_PROBLEM STATEMENT_: Copy out again, unchanged, the listing below from the line that has "Farm Charm, Homestead, Chicken" through the line that has "ZWEI Handbag 'Mademoiselle' in Brown: front".

_DATA SUPPLIED_:
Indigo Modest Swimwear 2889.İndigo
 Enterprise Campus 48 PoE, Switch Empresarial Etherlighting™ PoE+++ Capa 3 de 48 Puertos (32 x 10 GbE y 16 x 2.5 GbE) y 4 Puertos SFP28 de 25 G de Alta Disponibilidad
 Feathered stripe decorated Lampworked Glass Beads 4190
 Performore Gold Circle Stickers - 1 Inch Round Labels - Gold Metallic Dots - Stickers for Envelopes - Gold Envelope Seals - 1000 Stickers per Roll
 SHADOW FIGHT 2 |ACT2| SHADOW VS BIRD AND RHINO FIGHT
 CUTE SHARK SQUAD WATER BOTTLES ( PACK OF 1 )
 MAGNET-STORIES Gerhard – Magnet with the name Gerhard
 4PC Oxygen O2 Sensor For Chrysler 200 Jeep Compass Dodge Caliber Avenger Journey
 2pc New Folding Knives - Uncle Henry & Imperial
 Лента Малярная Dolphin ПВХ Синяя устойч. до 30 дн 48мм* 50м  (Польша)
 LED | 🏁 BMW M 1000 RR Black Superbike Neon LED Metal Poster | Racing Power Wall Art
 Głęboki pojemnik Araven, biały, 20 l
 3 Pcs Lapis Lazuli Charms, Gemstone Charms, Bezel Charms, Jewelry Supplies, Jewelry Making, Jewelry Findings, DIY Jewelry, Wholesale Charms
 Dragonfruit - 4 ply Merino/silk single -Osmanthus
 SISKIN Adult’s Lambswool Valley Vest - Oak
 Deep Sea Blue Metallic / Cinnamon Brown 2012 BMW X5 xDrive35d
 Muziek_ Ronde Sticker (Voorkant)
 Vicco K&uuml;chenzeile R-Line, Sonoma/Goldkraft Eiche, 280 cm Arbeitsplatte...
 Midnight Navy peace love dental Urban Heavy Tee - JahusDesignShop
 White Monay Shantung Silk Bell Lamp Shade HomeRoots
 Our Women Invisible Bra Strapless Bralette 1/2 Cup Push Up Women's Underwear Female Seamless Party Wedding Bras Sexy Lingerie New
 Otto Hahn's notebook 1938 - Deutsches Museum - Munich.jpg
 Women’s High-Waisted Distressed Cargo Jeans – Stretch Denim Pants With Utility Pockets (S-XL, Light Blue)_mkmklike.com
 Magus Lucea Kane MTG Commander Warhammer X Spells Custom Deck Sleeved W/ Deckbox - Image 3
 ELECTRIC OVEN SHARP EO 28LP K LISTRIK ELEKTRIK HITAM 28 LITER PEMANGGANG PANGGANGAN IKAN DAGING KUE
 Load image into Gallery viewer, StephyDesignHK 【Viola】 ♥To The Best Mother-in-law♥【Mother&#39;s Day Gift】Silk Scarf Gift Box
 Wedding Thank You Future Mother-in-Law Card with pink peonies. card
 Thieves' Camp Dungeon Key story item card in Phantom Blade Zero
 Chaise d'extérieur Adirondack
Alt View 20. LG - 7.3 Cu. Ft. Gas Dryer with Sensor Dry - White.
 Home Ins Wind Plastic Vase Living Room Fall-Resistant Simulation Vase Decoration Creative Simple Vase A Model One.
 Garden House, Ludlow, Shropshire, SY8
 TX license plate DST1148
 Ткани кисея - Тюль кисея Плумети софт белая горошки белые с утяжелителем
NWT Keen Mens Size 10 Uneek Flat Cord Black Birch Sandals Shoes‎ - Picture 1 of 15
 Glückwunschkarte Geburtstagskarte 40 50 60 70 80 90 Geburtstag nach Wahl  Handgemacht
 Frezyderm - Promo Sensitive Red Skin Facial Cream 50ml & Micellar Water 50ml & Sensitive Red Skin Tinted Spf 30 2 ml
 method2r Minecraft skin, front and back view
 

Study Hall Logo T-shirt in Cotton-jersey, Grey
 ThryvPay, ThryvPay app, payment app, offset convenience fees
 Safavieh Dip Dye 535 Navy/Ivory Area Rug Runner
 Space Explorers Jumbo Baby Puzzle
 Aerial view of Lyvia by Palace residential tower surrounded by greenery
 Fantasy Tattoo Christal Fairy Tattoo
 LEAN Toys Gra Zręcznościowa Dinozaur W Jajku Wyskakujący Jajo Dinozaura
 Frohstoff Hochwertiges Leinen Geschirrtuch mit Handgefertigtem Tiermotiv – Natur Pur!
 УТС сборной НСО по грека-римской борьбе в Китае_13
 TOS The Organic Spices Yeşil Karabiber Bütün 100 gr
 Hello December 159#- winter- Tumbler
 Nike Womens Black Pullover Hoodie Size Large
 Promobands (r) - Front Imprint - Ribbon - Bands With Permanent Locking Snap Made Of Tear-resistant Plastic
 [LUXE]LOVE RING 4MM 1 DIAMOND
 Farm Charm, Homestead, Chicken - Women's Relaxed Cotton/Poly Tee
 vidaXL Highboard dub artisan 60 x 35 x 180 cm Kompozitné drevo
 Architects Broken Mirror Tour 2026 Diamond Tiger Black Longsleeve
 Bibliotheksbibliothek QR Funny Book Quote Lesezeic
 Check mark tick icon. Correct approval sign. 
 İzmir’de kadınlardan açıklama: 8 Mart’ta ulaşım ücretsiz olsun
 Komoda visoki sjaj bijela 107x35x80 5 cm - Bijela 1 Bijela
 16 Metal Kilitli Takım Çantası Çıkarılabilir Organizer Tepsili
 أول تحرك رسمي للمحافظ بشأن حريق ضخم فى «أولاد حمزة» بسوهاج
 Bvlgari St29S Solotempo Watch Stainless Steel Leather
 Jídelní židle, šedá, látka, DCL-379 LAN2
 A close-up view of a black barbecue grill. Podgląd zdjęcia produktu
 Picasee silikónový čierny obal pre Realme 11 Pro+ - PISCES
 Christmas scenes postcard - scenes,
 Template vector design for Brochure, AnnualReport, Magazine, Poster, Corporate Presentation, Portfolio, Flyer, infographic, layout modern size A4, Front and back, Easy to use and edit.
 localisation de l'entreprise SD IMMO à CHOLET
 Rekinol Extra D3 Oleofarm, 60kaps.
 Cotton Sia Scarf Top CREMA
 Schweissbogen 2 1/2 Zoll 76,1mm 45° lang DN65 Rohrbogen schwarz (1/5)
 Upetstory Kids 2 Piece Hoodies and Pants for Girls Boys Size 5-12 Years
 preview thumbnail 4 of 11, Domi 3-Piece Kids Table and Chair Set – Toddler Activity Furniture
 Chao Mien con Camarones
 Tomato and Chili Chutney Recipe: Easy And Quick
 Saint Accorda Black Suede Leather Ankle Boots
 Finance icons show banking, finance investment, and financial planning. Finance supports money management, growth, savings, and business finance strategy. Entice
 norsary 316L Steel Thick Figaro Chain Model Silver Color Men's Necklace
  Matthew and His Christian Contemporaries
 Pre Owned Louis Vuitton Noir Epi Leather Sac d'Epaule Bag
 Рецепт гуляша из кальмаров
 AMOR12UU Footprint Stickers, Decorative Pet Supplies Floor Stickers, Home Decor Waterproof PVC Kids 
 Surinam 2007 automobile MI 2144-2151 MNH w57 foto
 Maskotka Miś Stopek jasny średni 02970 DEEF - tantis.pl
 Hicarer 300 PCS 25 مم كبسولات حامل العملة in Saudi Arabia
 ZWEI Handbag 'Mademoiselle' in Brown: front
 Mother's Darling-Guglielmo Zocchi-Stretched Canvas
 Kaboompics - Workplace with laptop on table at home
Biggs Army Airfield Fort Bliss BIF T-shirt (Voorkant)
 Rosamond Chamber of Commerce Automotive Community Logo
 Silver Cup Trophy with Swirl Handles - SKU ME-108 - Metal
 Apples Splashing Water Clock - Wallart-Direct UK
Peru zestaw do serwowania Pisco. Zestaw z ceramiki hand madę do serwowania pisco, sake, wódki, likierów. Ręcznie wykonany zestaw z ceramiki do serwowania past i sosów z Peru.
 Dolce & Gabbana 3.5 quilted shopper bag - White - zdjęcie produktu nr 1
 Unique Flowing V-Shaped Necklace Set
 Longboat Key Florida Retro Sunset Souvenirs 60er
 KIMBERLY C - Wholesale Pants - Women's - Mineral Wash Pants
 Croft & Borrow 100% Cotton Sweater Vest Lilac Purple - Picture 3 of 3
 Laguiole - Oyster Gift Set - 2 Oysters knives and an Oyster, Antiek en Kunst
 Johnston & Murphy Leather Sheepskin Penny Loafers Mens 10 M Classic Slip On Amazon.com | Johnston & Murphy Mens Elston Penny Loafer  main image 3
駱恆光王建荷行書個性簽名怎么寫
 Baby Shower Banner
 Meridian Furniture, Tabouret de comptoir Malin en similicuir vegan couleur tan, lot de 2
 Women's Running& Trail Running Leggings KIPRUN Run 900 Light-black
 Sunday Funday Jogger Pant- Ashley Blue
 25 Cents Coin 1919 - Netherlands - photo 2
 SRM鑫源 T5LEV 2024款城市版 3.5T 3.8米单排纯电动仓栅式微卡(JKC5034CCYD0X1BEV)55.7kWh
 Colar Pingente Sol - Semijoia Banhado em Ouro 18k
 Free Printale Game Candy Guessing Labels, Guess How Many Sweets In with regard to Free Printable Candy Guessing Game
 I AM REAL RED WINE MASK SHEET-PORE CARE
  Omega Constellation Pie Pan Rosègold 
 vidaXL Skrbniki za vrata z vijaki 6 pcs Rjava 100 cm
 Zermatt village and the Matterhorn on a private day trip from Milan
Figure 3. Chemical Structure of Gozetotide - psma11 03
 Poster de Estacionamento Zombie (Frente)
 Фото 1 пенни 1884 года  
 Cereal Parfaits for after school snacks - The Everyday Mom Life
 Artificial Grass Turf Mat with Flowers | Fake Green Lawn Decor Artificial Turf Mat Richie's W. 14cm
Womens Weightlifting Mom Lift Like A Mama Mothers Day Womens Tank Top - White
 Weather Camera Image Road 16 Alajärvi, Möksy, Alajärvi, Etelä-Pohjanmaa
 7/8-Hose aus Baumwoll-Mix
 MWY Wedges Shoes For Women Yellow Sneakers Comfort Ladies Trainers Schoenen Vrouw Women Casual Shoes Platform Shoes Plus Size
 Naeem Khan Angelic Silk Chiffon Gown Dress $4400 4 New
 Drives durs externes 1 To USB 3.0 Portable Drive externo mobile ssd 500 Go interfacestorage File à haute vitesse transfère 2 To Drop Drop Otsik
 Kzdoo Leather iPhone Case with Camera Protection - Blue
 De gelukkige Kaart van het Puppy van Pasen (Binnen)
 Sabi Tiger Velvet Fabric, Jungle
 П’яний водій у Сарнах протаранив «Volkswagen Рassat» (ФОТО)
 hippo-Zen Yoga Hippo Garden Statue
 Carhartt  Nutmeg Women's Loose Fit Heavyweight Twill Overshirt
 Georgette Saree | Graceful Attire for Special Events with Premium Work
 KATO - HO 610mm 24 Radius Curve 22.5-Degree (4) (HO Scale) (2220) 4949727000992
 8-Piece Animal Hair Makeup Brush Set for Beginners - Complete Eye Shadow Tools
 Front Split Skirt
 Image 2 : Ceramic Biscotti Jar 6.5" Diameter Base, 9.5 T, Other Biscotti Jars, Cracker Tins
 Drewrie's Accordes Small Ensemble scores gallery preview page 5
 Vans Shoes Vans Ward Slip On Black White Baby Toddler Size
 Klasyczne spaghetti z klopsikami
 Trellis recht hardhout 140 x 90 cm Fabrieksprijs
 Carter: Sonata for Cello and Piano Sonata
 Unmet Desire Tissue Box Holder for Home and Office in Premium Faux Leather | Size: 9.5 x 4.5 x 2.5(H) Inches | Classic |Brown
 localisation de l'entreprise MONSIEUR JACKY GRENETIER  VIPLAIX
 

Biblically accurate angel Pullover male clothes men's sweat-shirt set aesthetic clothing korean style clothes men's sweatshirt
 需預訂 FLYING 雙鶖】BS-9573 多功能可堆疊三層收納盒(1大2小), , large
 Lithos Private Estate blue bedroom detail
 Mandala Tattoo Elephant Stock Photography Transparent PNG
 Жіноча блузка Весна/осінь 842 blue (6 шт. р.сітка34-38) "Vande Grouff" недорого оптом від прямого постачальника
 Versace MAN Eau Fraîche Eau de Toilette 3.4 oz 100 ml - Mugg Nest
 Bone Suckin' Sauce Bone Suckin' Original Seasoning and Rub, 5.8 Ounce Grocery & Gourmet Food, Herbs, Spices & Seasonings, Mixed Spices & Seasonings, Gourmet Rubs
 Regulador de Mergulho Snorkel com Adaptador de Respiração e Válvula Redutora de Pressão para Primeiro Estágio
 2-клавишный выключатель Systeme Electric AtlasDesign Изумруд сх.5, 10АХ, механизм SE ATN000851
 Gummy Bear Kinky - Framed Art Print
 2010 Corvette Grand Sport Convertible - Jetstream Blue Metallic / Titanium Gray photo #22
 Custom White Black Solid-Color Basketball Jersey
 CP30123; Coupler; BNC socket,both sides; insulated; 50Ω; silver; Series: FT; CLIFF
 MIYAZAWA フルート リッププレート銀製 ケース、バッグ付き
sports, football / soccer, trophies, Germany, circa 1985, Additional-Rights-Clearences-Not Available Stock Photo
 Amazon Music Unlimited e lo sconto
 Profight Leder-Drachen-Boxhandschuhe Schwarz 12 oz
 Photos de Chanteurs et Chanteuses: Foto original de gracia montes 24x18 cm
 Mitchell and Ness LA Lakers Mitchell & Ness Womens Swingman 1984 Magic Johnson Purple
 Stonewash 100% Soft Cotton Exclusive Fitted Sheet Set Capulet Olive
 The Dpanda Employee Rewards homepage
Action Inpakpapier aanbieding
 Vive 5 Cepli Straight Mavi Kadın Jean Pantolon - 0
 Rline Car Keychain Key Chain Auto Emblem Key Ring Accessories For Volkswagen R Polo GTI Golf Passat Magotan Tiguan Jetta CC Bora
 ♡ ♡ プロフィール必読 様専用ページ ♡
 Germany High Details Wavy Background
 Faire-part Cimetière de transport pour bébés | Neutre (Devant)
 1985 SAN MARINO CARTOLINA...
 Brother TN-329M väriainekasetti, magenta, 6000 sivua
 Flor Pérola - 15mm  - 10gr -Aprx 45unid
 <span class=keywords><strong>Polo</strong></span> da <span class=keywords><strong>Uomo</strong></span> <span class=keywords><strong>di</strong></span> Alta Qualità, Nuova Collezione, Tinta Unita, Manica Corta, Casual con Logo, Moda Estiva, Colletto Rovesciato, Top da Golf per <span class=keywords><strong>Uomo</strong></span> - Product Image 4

_TASK ANSWER_:
 Farm Charm, Homestead, Chicken - Women's Relaxed Cotton/Poly Tee
 vidaXL Highboard dub artisan 60 x 35 x 180 cm Kompozitné drevo
 Architects Broken Mirror Tour 2026 Diamond Tiger Black Longsleeve
 Bibliotheksbibliothek QR Funny Book Quote Lesezeic
 Check mark tick icon. Correct approval sign. 
 İzmir’de kadınlardan açıklama: 8 Mart’ta ulaşım ücretsiz olsun
 Komoda visoki sjaj bijela 107x35x80 5 cm - Bijela 1 Bijela
 16 Metal Kilitli Takım Çantası Çıkarılabilir Organizer Tepsili
 أول تحرك رسمي للمحافظ بشأن حريق ضخم فى «أولاد حمزة» بسوهاج
 Bvlgari St29S Solotempo Watch Stainless Steel Leather
 Jídelní židle, šedá, látka, DCL-379 LAN2
 A close-up view of a black barbecue grill. Podgląd zdjęcia produktu
 Picasee silikónový čierny obal pre Realme 11 Pro+ - PISCES
 Christmas scenes postcard - scenes,
 Template vector design for Brochure, AnnualReport, Magazine, Poster, Corporate Presentation, Portfolio, Flyer, infographic, layout modern size A4, Front and back, Easy to use and edit.
 localisation de l'entreprise SD IMMO à CHOLET
 Rekinol Extra D3 Oleofarm, 60kaps.
 Cotton Sia Scarf Top CREMA
 Schweissbogen 2 1/2 Zoll 76,1mm 45° lang DN65 Rohrbogen schwarz (1/5)
 Upetstory Kids 2 Piece Hoodies and Pants for Girls Boys Size 5-12 Years
 preview thumbnail 4 of 11, Domi 3-Piece Kids Table and Chair Set – Toddler Activity Furniture
 Chao Mien con Camarones
 Tomato and Chili Chutney Recipe: Easy And Quick
 Saint Accorda Black Suede Leather Ankle Boots
 Finance icons show banking, finance investment, and financial planning. Finance supports money management, growth, savings, and business finance strategy. Entice
 norsary 316L Steel Thick Figaro Chain Model Silver Color Men's Necklace
  Matthew and His Christian Contemporaries
 Pre Owned Louis Vuitton Noir Epi Leather Sac d'Epaule Bag
 Рецепт гуляша из кальмаров
 AMOR12UU Footprint Stickers, Decorative Pet Supplies Floor Stickers, Home Decor Waterproof PVC Kids 
 Surinam 2007 automobile MI 2144-2151 MNH w57 foto
 Maskotka Miś Stopek jasny średni 02970 DEEF - tantis.pl
 Hicarer 300 PCS 25 مم كبسولات حامل العملة in Saudi Arabia
 ZWEI Handbag 'Mademoiselle' in Brown: front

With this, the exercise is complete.